The labour market

In a competitive labour market, the wage rate is determined by the interaction of demand and supply. The demand of labour is undertaken by firms, which require workers to help produce goods and services. The supply of labour comes from the general population and, in particular, the workforce of an economy.

In practice there are many different types of labour market: for example: shop assistants, kitchen chefs and lawyers. Labour markets also include public sector workers where the government is a major employer of labour: for example, teachers, nurses and police officers.

The demand for labour

The demand for labour is a derived demand. It is derived from the demand from the goods and services it makes. For example, the demand for building workers is derived from the demand for new housing.

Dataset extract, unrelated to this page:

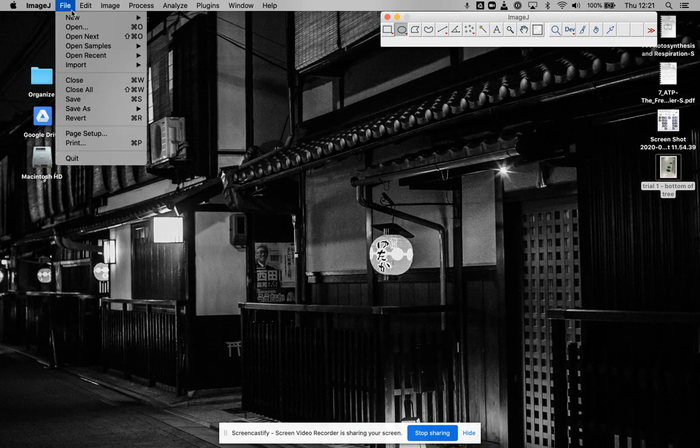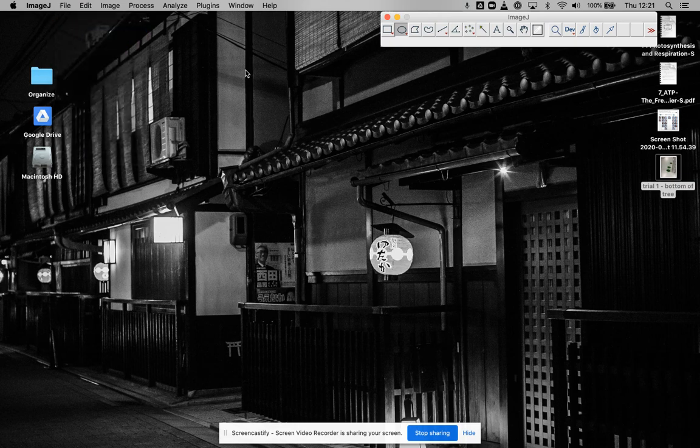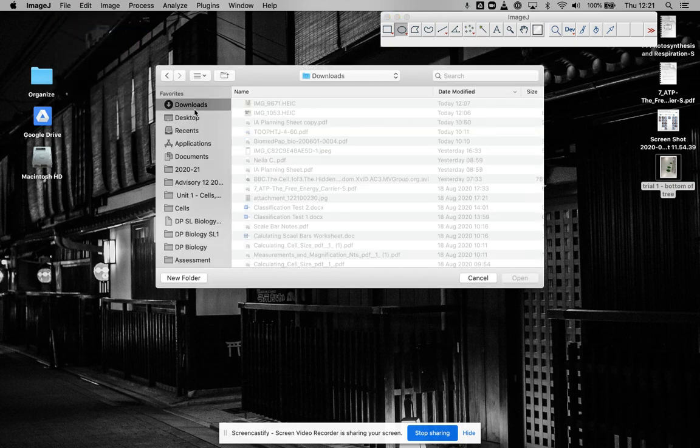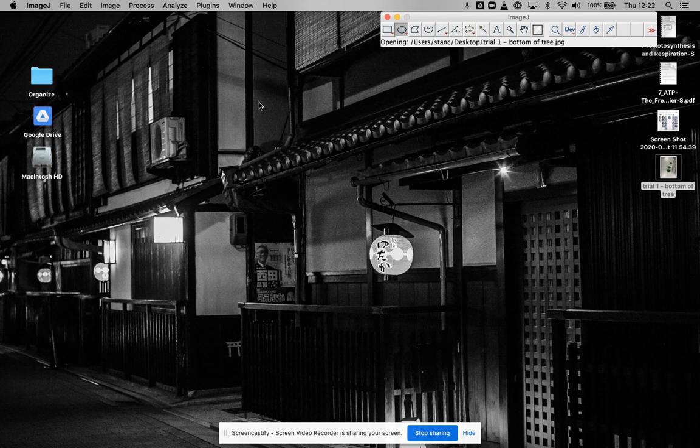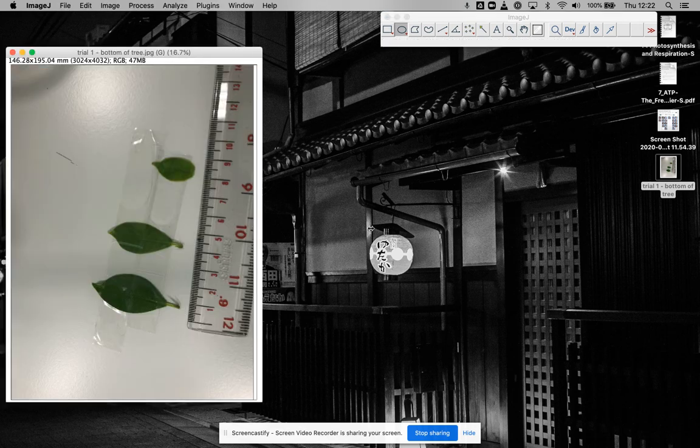With ImageJ, the first thing you want to do is open that image we took. I'm going to go to the desktop, open up this one. Make sure it says ImageJ up here—it's easy to get confused. This is the picture I took.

The figure below shows how an increase in demand for new housing will cause an increase in demand for building workers, such as brick;ayers and carpenters. The effect is to increase the wage rate from We to W1, and the quantity employed from Ne to N1.

[diagram on page 35]

There are several ey determinants of the demand for labour:

  • Demand for the final product. An increase in demand for a good or service is likely to cause an increase in demand for the labour involved in making it. Firms have a profit incentive, if demand and prices increase, to supply more of the good or service.
  • The wage rate. A fall in the wage rate means that labour becomes more affordable, and so firms are likely to hire more workers.
  • Other labour costs. For example, a fall in National Insurance contributions of behalf of staff is likely to raise the quantity demanded.
  • Price of other factor inputs. An increase in the price of capital might encourage firms to employ more labour and cut back on the use of machinery and equipment where possible. This is because labour and capital may be substitutes in the production process.
  • Productivity of labour. An increase in output per worker may lead to higher revenue and profits, encouraging forms to employ more people.
  • Government employee regulations. The fewer the number of regulations, the greater the demand for labour is likely to be.  For example, if it becomes easy to hire and fire staff or to change working conditions, then the increased labour flexibility may encourage firms to employ more people. However, a national minimum wage set above the free-market wage may cause a decrease in the quantity of labour demanded.

The supply of labour

This refers to the quantity and quality of labour hours offerred for work over a given time period. There are various factors which determine the supply of labour, namely:

  • The wage rate. An increase in the wage rate will encourage more people to offer their services to work. A higher wage means the opportunity cost for leisure time increases, encouraging people to work longer hours.
  • Other net advantages of work. Improvements in working conditions will also tend to increase the supply of labour: for example, a good pension, paid holidays, job security and promotion prospects.
  • Net migration. Over recent years the UK has experienced a significant increase in immigration from central and eastern Europe, helping boost the economy.
  • Income tax. A reduction in income tax will increase disposable incomes and therefore offer a greater incentive or people to work. Many people will substitute work for leisure time, increasing the supply for work.
  • Benefit reform. A reduction in benefits (e.g incapacity benefit, housing benefit and the jobseekers allowance) may provide a greater incentive to look for work and so increase the supply of labour.
  • Trade unions. Trade unions act to artificially increase the wage rate and improve employee conditions by collective bargaining with employers on behalf of workers.. This may encourage an increase in the supply of labour.
  • Government regulations. An increase in employment protection or the introduction of a national minimum wage will tend to improve working conditions and so increase the supply of labour. However, it is also possible that government regulations decrease the supply of labour. For example, the EU Work Time directive limits the maximum hours of work per week to 48 for most employees.
  • Social trends. There has been a significant increase in the number of women in the the workforce over the past 40 years. The reflects an improvement in equal opportunities, childcare facilities and social attitudes.